Keep the pictures out of the copy and print all the entries below exactly.

|---|

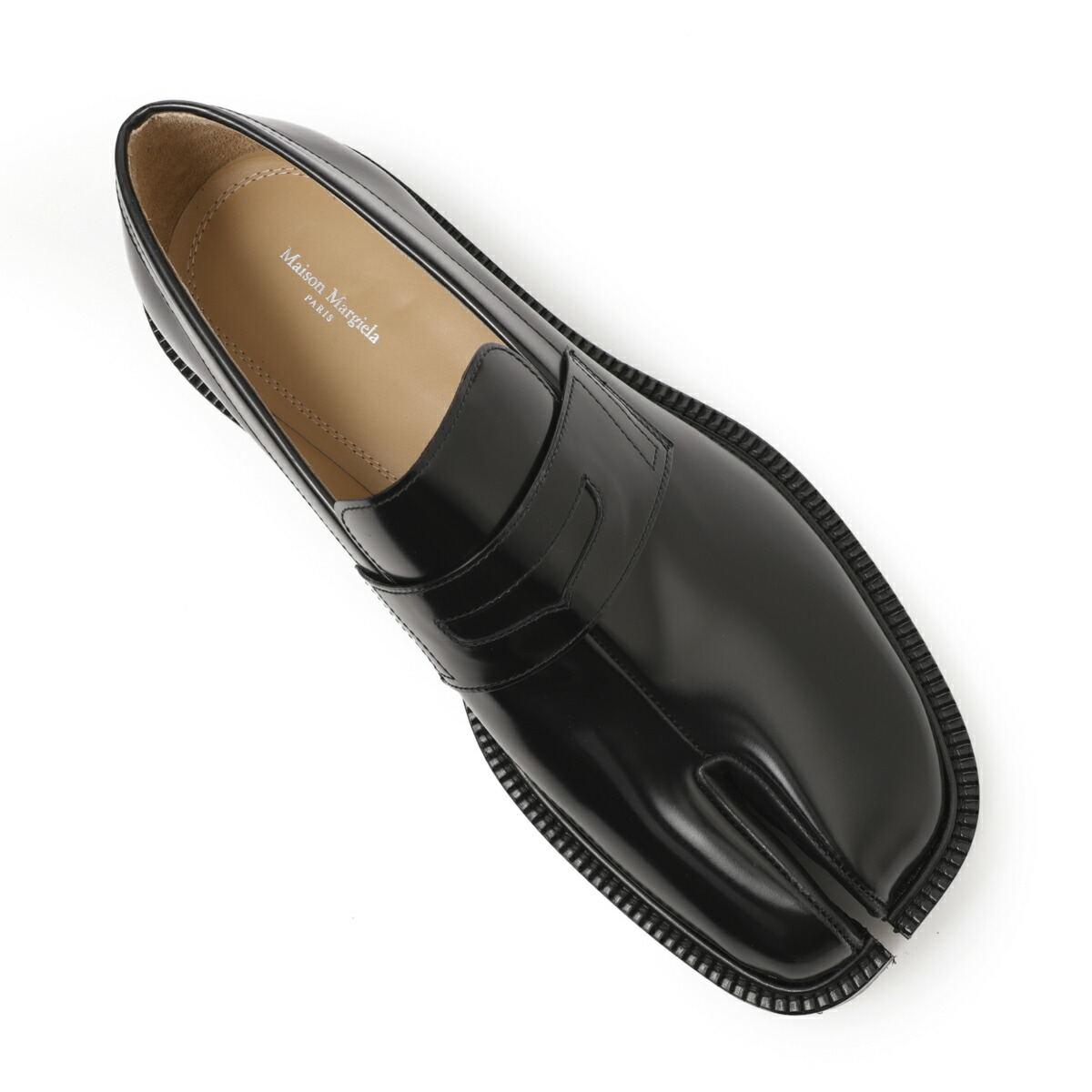 楽天市場】メゾンマルジェラ Maison Margiela ローファー ブラック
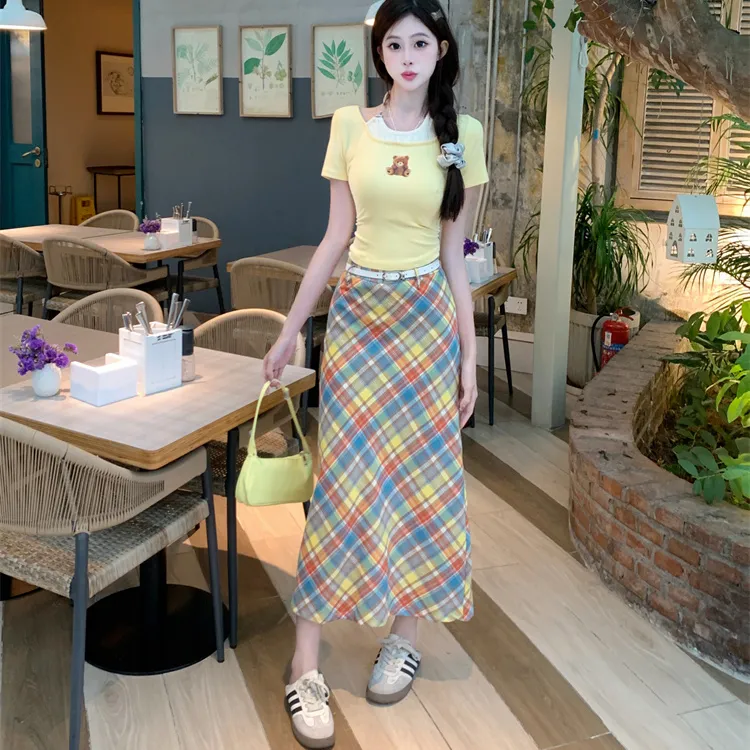 RTNH Two Piece Skirt Sets Women's-2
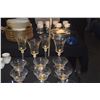 Image 2 : CRYSTAL STEMWARE (28 PCS)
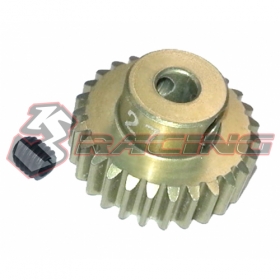 Пиньён 27T 3Racing (#3RAC-PG4827) 48 Pitch Pinion Gear 27T (7075 w/ Hard Coating)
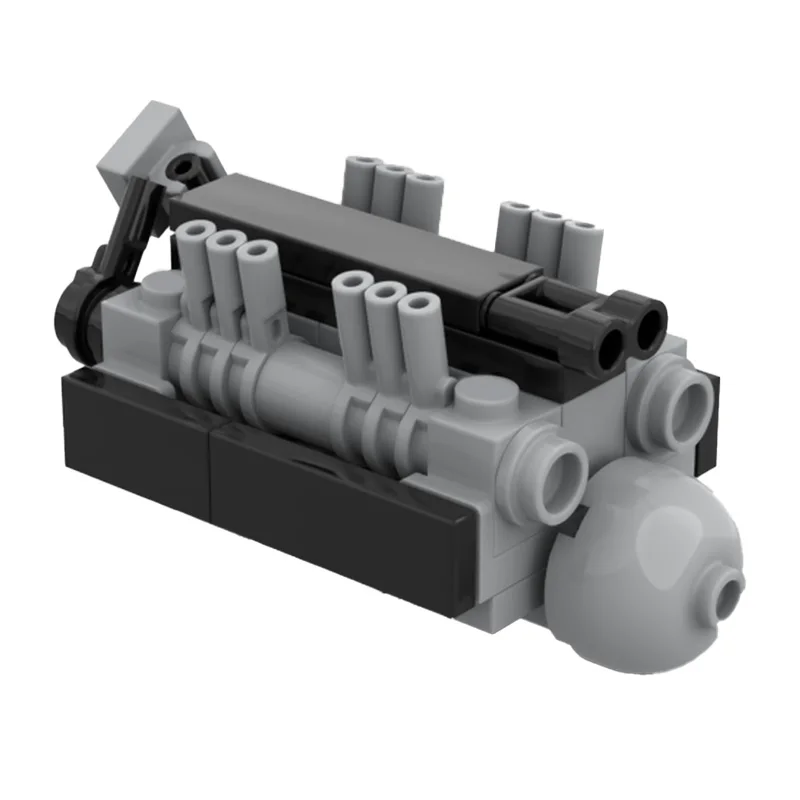 48 Parts Creative Grey Engine Modular Building Blocks Model Kids Educational DIY Assembly Display Toys For Boys Christmas Gifts
48 Parts Creative Grey Engine Modular Building Blocks Model Kids Educational DIY Assembly Display Toys For Boys Christmas Gifts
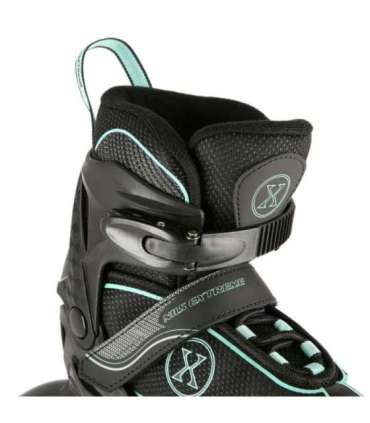 NA11008 BLACK-MINT ROZM. M (35-38) IN-LINE SKATES NILS EXTREME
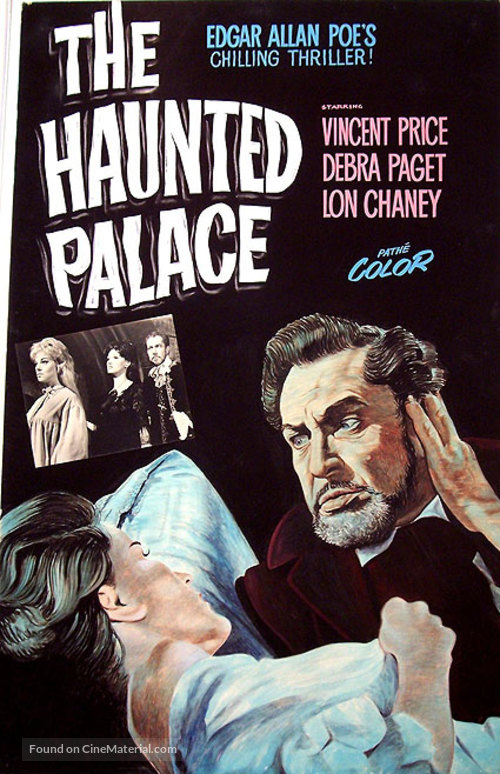 The Haunted Palace - Movie Poster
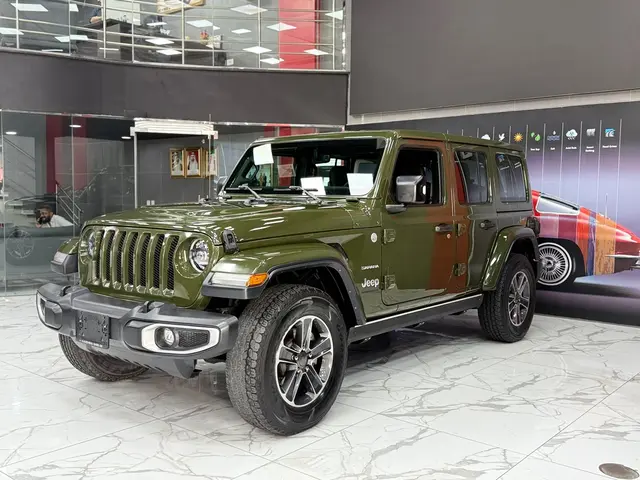 Jeep Wrangler Sahara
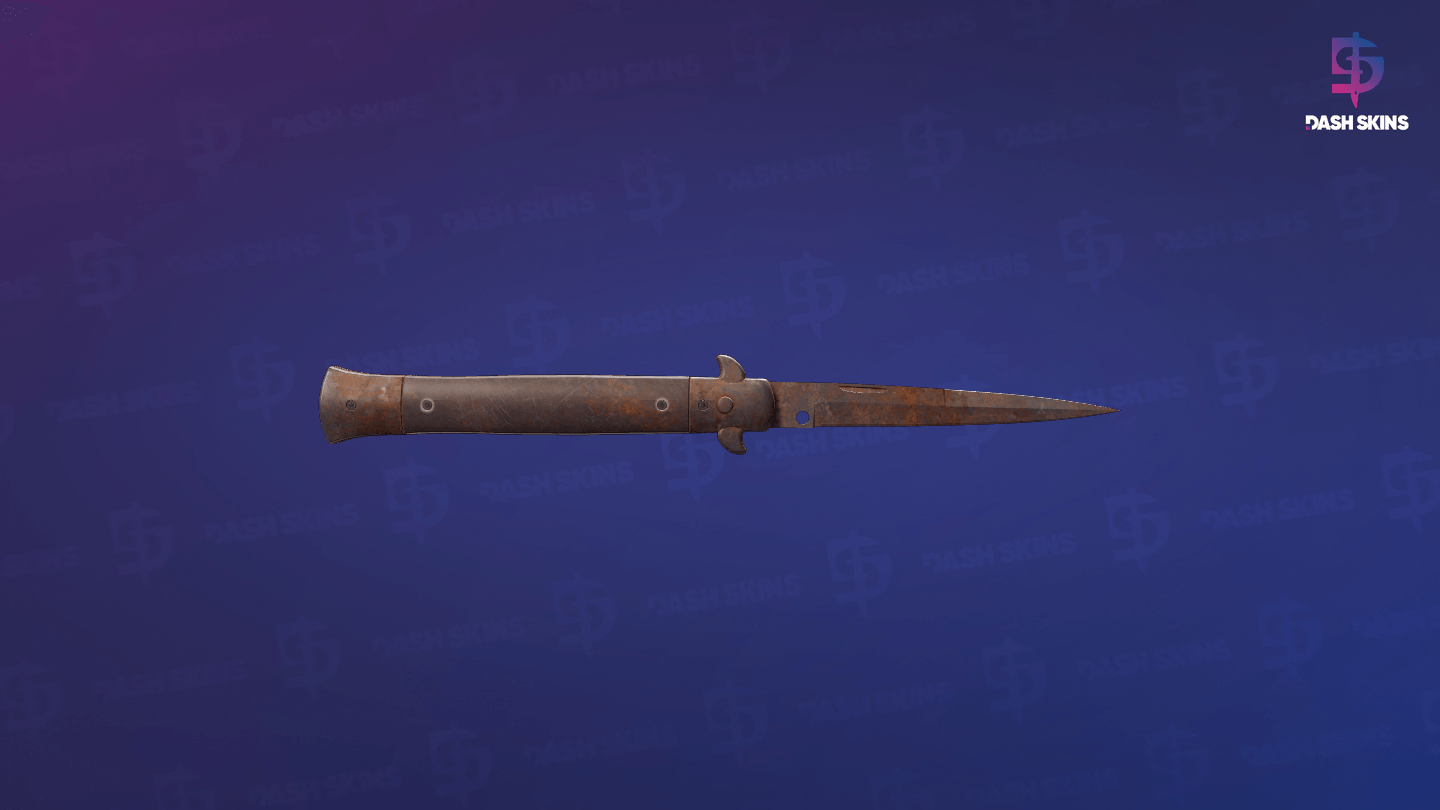★ Stiletto Knife | Rust Coat (Battle-Scarred) Screenshot Playside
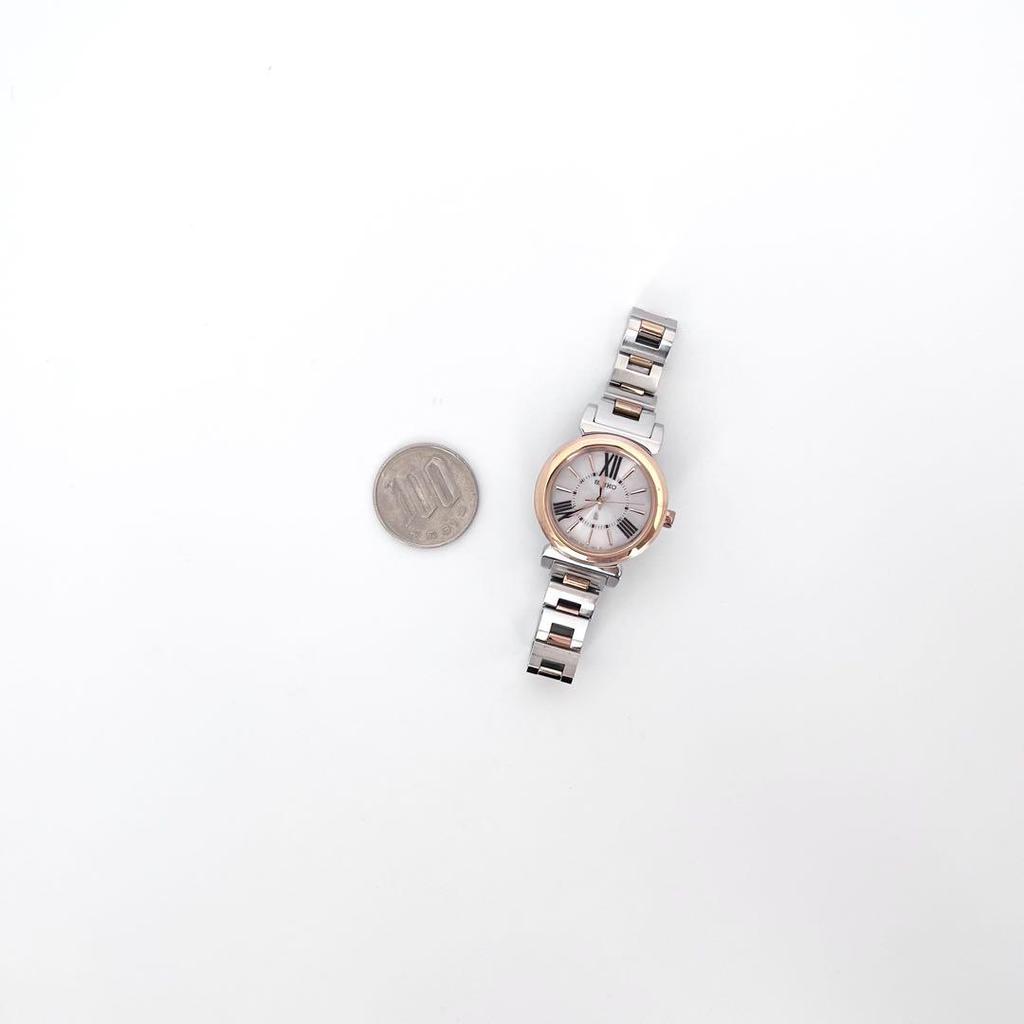 [USED] Seiko Rukia Women's Watch, Working, Radio-Controlled Solar, S2038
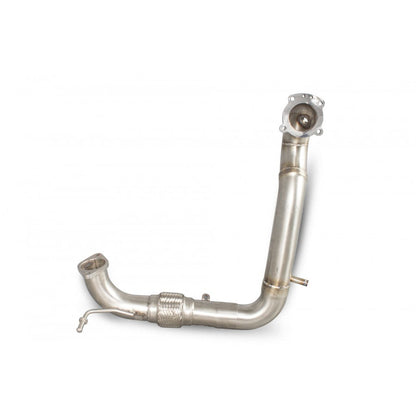 Scorpion Exhausts - Downpipe for MK7 Fiesta 1.0 EcoBoost All Models (with or without catalyst)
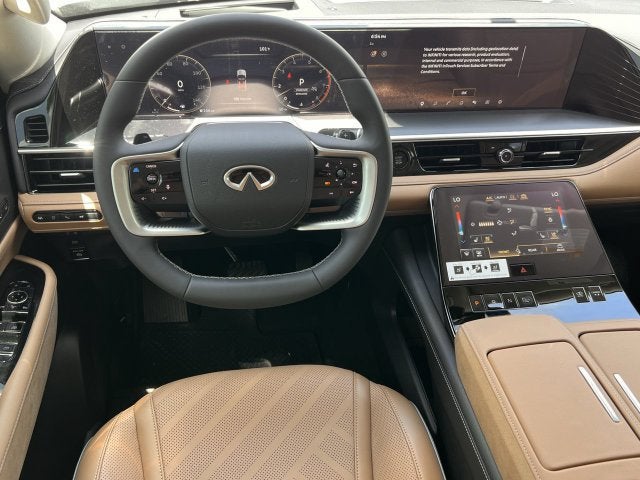 2027 INFINITI QX80 Luxe 2WD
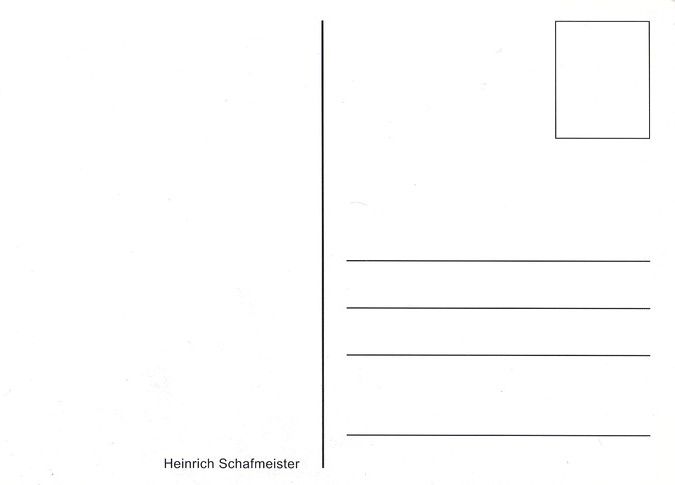 Autogramm Schauspieler | Heinrich SCHAFMEISTER | 2000er (Portrait SW)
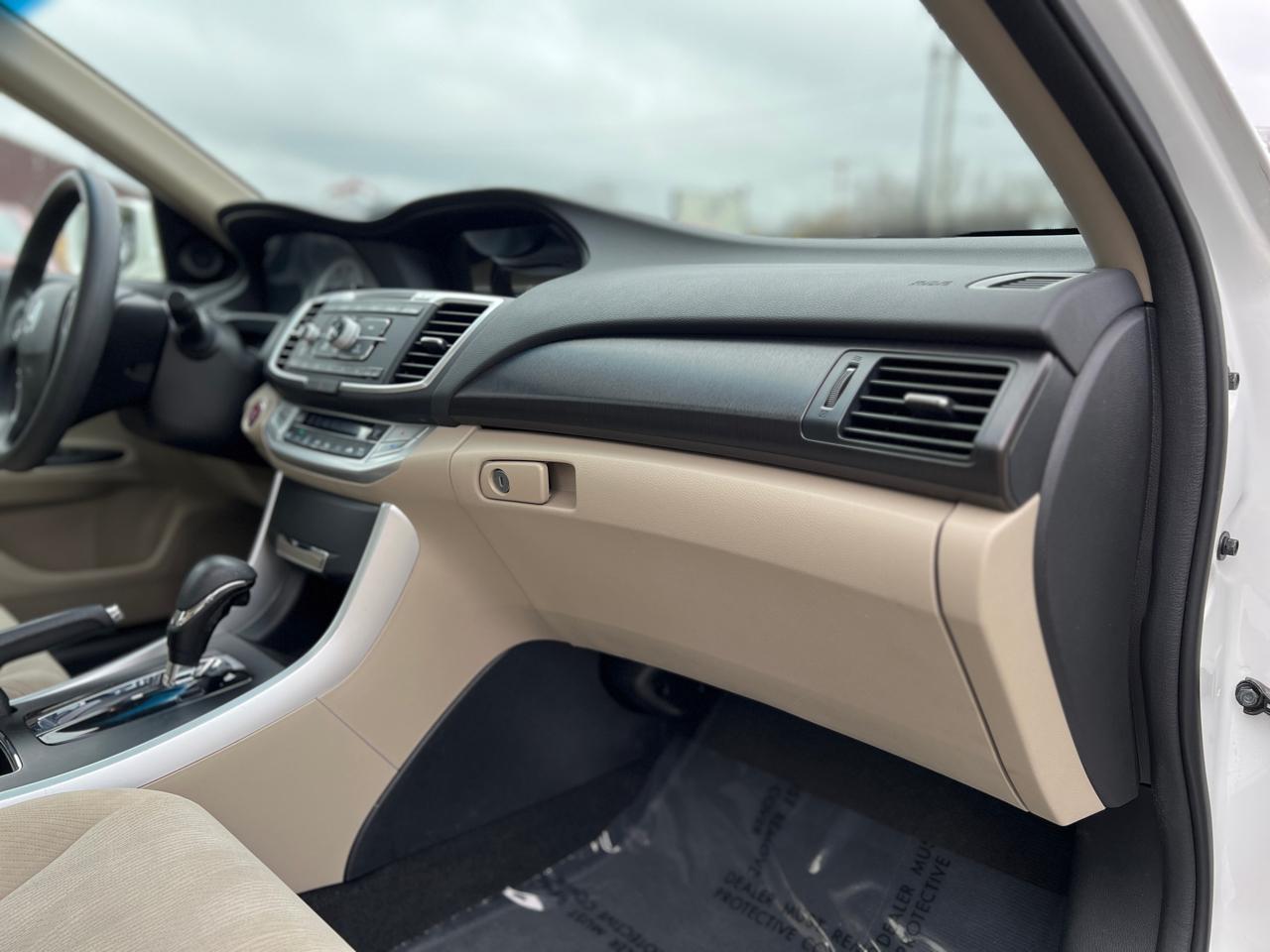 Honda Accord EX sedan 2013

|---|

▶ [Answer below]:
 楽天市場】メゾンマルジェラ Maison Margiela ローファー ブラック
 RTNH Two Piece Skirt Sets Women's-2
 Image 2 : CRYSTAL STEMWARE (28 PCS)
 Пиньён 27T 3Racing (#3RAC-PG4827) 48 Pitch Pinion Gear 27T (7075 w/ Hard Coating)
 48 Parts Creative Grey Engine Modular Building Blocks Model Kids Educational DIY Assembly Display Toys For Boys Christmas Gifts
48 Parts Creative Grey Engine Modular Building Blocks Model Kids Educational DIY Assembly Display Toys For Boys Christmas Gifts
 NA11008 BLACK-MINT ROZM. M (35-38) IN-LINE SKATES NILS EXTREME
 The Haunted Palace - Movie Poster
 Jeep Wrangler Sahara
★ Stiletto Knife | Rust Coat (Battle-Scarred) Screenshot Playside
 [USED] Seiko Rukia Women's Watch, Working, Radio-Controlled Solar, S2038
 Scorpion Exhausts - Downpipe for MK7 Fiesta 1.0 EcoBoost All Models (with or without catalyst)
 2027 INFINITI QX80 Luxe 2WD
 Autogramm Schauspieler | Heinrich SCHAFMEISTER | 2000er (Portrait SW)
 Honda Accord EX sedan 2013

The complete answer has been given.